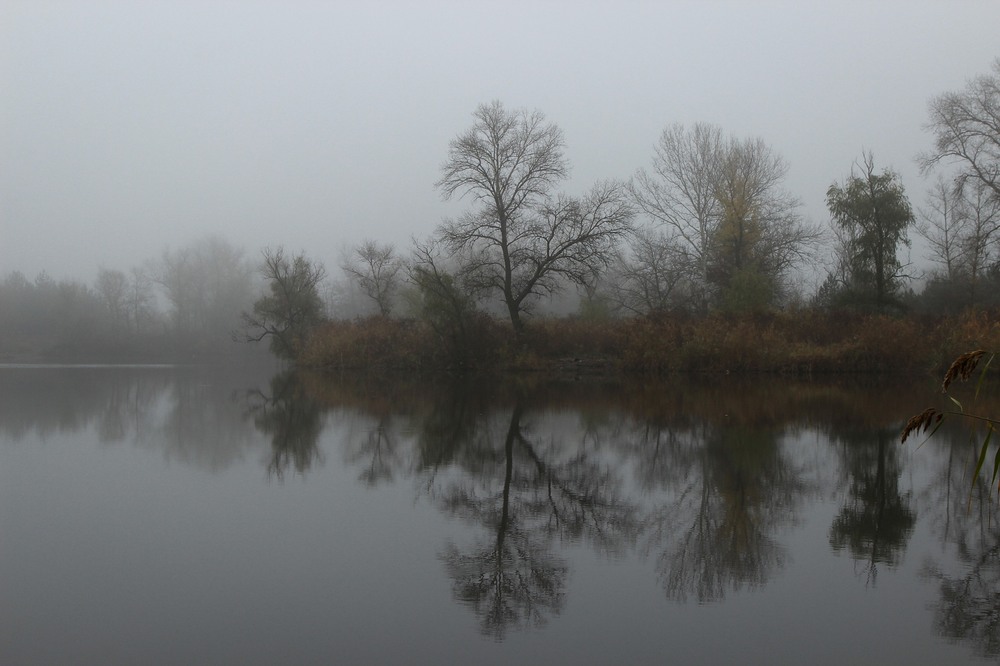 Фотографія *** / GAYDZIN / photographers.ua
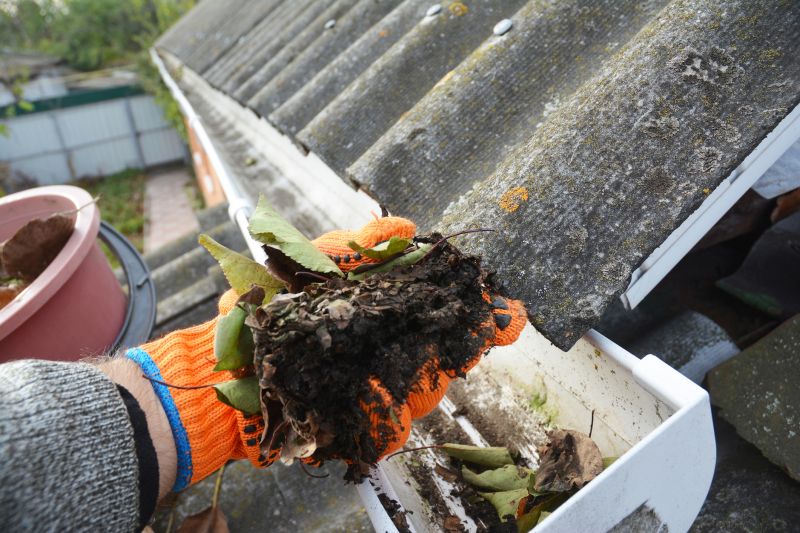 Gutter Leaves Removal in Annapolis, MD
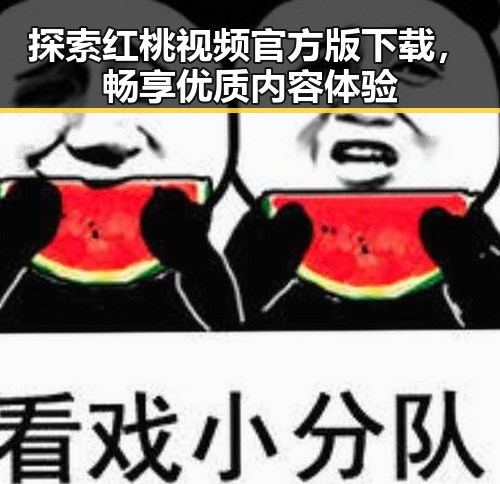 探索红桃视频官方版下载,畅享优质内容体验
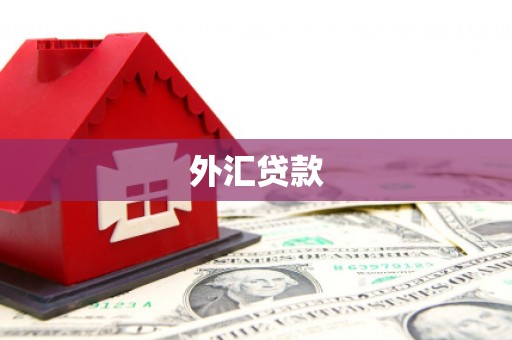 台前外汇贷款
============================================================
● **BRIEF**: Only the lines from the one with "Gutter Leaves Removal in Annapolis, MD" to the end of the listing, both ends included, should be retyped exactly; no pictures belong in the copy.

● **WRITTEN SOLUTION**:
 Gutter Leaves Removal in Annapolis, MD
 探索红桃视频官方版下载,畅享优质内容体验
 台前外汇贷款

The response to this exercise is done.